As you’ll know, Magnus has captured the imagination of hundreds of thousands of motoring enthusiasts alike with his unrelenting passion for the Porsche brand, accumulating an enviable collection of Zuffenhausen metal before asserting his own eclectic stamp over a variety of classic models.
As far back as 2010, Magnus and his varying projects had been featured in Total 911 magazine, so he was a known entity to our readers, but his stock really began to soar in the wake of a short film in 2012 highlighting his zest for all things Zuffenhausen. ‘Urban Outlaw’, made by Tamir Moscovici, was a 32-minute insight into Magnus’ remarkable affinity with Porsche.
Now a long way metaphorically and physically from his first exposé to a 911 Turbo at the London Motor Show in 1974, Magnus’ Porsche escapades have taken him all over the world, regularly rubbing shoulders with celebrities and racing heroes such as Jay Leno and Hurley Haywood.

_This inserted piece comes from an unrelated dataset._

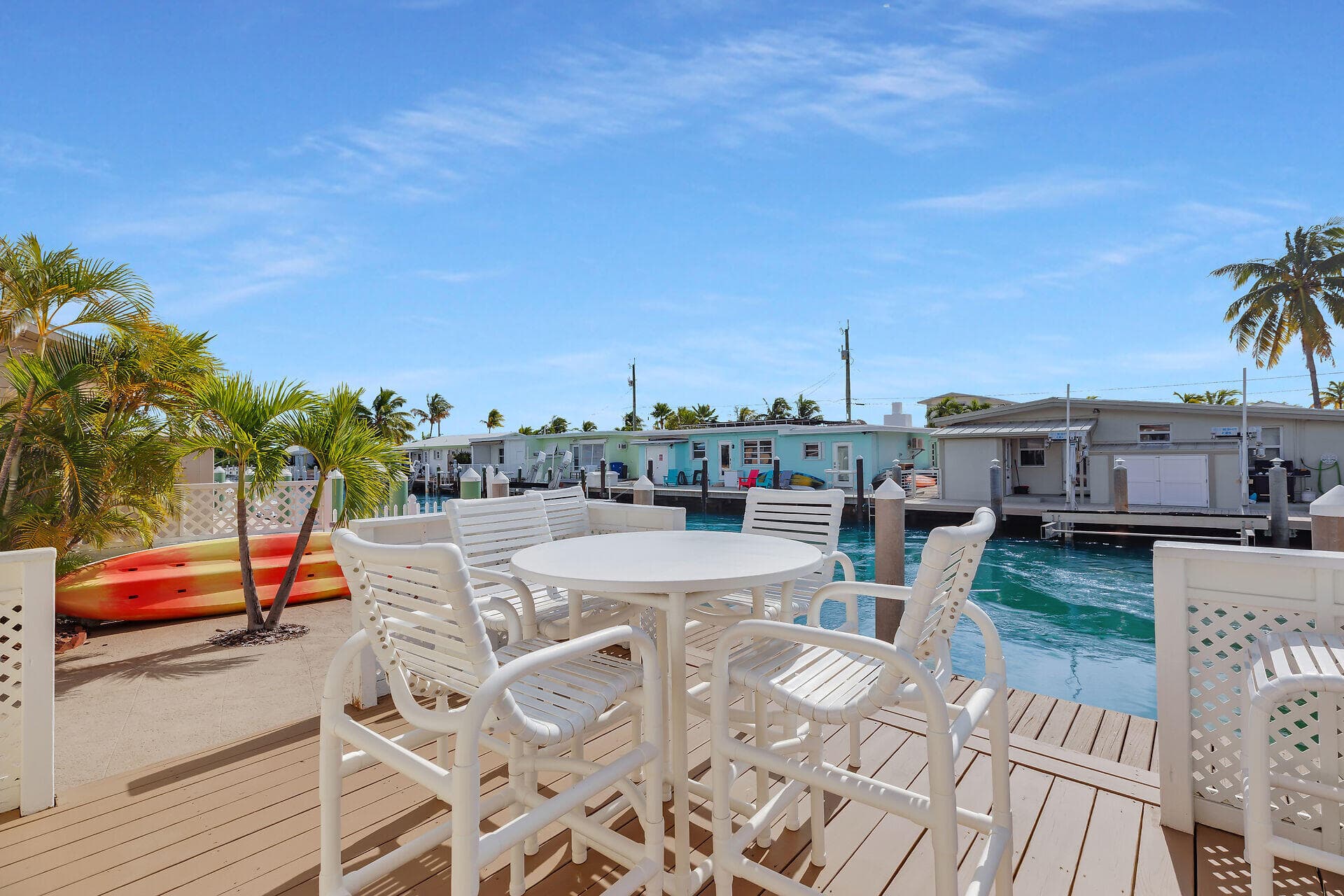 11725 3rd Avenue Ocean, Marathon, FL 33050 36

Without question, he’s now accepted and even welcomed by the corporate Stuttgart elite, rubberstamped by his official attendence with Porsche at a number of events this year including the Nurburgring Oldtimer and Goodwood Revival to name but a few.
Of course, the best thing about all this is how Magnus has stayed true to the primary clasp of his passion: modifying. Very few Porsches in his collection have remained in something akin to stock condition, and Magnus continues to champion the merits of customising cars to suit his style (think cammy engines, R-inspired body styling and even rolling on his bespoke ‘Urban Outlaw’ forged wheels, for example).

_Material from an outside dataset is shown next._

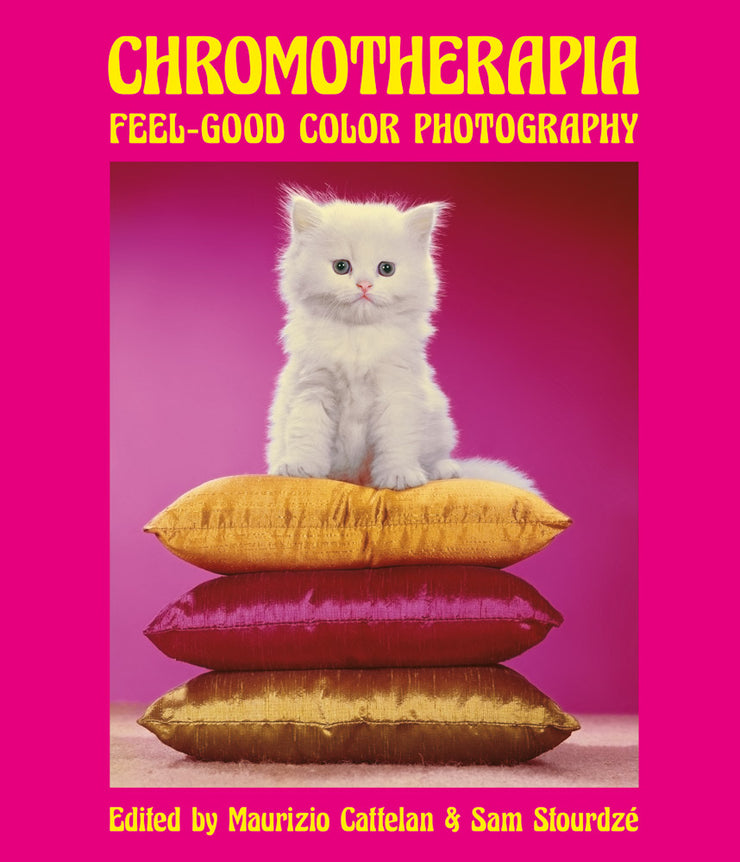 Chromotherapia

The success here is two-fold: first, Magnus has successfully added his own stamp to the Porsche brand, creating bespoke 911s that have been the lust of many of us – with projects including his ’72 STR II selling for good money at auction a case in point. Secondly (and more importantly), Magnus has proved a catalyst in the widespread shift in opinion towards the appreciation of modified 911s.

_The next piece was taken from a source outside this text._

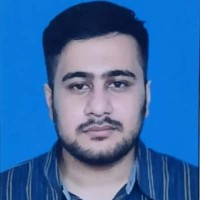 MOHD. AMAN KHAN AFGHANI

Not so long ago, fettling a flat six was deemed utter sacrilege to many, but Magnus has undoubtedly helped turn the tables of opinion among even the most traditional of Zuffenhausen enthusiasts. In fact, 911 customisation on such a large scale has arguably never been so popular, with stellar names in the wider Porsche fraternity such as Singer Vehicle Design in the US and PS Autoart in the UK making good business from this upshift in trend. There’s no denying Magnus has played a part in this, giving a glamorous edge to a custom 911 project.
An offshoot of Magnus Walker’s success is the extra appeal he brings to the Porsche brand from a newer, younger generation of petrolhead – and it’s here that he’s earned his merit with the corporate Porsche cartel.
Think about it: with the gulf in technology and even driving experience between a water-cooled and air-cooled 911, it is perhaps easy for the younger generations to become alienated as to the allure and appreciation of a classic model. Magnus has ensured that hasn’t happened.
Through Magnus’ videos and blog posts about his project builds and epic canyon runs, youngsters can pick up on more history of the 911, learning for example to appreciate what a four-speed Turbo or a 911 SC is, how they drive, and how they shaped the sportscars seen on the road today. This exposé to the brand acts as a priceless piece of advertising for Porsche, so it’s no wonder Magnus enjoys a healthy relationship with Porsche North America.
As a regular columnist in our magazine, he’s a good friend to Total 911 too, and it was our pleasure to let Magnus write the foreword to our new 911 Turbo: 40th anniversary collectors’ special bookazine this month. Magnus has committed much to the Porsche cause so far, and we look forward to seeing where his ventures take him in future.